Merci et au plaisir de se voir sur les via gardoises
Bonjour Paul,
Lorsque tu laves le vélo à grande eau sans viser particulièrement la chaîne (c’est inutile puisqu’elle est propre), souvent il n’est pas nécessaire de recharger en cire. En fait ça dépend, comme je l’explique dans l’article, avec la cire il faut recharger… quand il n’y en a plus.
À bientôt à vélo,
Dan
Je suis tenté de tester la cire, n’ayant pour le moment utilisé que du lubrifiant “gras”. J’habite le long de l’océan et le sable fait que je passe beaucoup de temps à nettoyer ma transmission…
Est-ce que le côté non salissant/collant s’applique à toutes les cires ? Difficile de trouver des différences entre produits en se fiant aux fiches techniques et discours marketing.
Bonjour Alex,
La réponse est oui, dans la mesure où il s’agit à chaque fois d’un film qui, une fois sec, est non collant. La différence entre les marques tient plutôt à la viscosité du produit au moment de l’application.
Bonjour Dan,
J’en profite pour faire un retour d’expérience sur l’utilisation d’une cire
J’utilise la cire Squirt depuis 2 ans, sur un vélo de ville, un gravel et un vtt (je fais 6000km/an) et j’habite en Belgique, donc climat régulièrement humide
Dan, tu avais fait un article sur ce produit il y a 2 ans environ (?)
Il faut bien nettoyer la chaîne au white spirit avant le premier “cirage”, essuyer la chaîne après chaque sortie avec un chiffon sec, bien recharger, laisser sécher. J’en remet avant d’aller rouler et c’est vraiment nickel, les grains de sable et cailloux n’adhèrent pas à la chaîne et aux pignons !
Et tu trouves Squirt chez Décath, il y a un flacon hiver et un flacon été, mais je n’ai pas vu de différence au niveau viscosité ou adhérence entre les 2 produits
Merci Dan et Bike café pour la qualité des articles
Francis
Merci Francis pour ton retour
Oui j’ai testé Squirt Lube pour Bike Café au printemps 2019. C’est un lubrifiant quasi équivalent. je dirais que Squirt Lube est plus épais à l’application, dure peut-être un peu plus longtemps mais les copeaux ont tendance à s’accumuler. Le Ice Wax de Pedro’s est plus liquide, dure moins longtemps et laisse la chaîne plus propre. Difficile de dire lequel est meilleur que l’autre ; il s’agit de deux très bons produits aux caractéristiques légèrement différentes.
Salut,
Merci pour le test. J’ai bien envie de comparer avec le Squirt. Je me suis mis à la cire grâce à l’article d’il y a 2 ans.

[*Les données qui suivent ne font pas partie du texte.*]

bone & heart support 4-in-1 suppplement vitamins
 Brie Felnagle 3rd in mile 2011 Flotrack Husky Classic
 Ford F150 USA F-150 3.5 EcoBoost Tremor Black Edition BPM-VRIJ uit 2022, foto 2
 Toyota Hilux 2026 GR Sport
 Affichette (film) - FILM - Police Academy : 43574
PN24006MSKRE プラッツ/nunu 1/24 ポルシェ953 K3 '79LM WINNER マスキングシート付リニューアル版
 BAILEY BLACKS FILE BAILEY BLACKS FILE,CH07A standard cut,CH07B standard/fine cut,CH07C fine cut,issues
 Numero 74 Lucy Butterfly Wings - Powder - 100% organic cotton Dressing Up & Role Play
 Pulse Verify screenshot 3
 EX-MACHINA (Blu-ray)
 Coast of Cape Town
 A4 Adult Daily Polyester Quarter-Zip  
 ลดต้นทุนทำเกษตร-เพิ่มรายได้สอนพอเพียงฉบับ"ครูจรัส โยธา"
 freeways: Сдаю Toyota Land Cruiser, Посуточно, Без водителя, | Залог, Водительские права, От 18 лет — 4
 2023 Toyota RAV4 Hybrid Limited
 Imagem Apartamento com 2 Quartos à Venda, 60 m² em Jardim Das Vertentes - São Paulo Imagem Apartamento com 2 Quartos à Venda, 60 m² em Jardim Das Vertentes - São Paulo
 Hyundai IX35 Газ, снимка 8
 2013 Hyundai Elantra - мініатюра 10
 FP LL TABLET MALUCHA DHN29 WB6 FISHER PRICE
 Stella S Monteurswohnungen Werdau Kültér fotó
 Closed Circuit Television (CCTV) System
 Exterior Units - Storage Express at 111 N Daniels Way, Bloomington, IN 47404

Dans un premier temps j’ai négligé l’étape nettoyage de la transmission, pensant qu’un bon coup eau/liquide vaisselle/grosse brosse suffirait. La transmission s’encrassait vite et l’effet lubrifiant disparaissait au bout de 20 bornes…
Avec le White spirit c’est nickel.
La cire Décath marche bien aussi, le petit flacon est hyper pratique en plus.
Bonjour,
Pour ma part j’utilise le Pedro’s ice wax depuis une dizaine d’années. Je l’ai connu alors que je vivais aux USA. Je trouve également que c’est un excellent produit. Lors de mon denier achat de ice wax il y a moins d’un an, j’ai constaté deux différences par rapport à mon expérience passée : la viscosité a très nettement diminué et lors d’un lavage à l’eau du vélo, le produit se liquéfie très rapidement et la chaîne rejette un jus noir qui oblige à un vrai lavage de celle ci si on ne veut pas en répandre partout. Ce n’était pas le cas avant lorsqu’on lavait en évitant un tant soit peu la chaîne. Avant de trouver du ice wax en France, j’ai testé le squirt et je l’ai trouvé franchement moins bon ; je n’ai jamais terminé le flacon.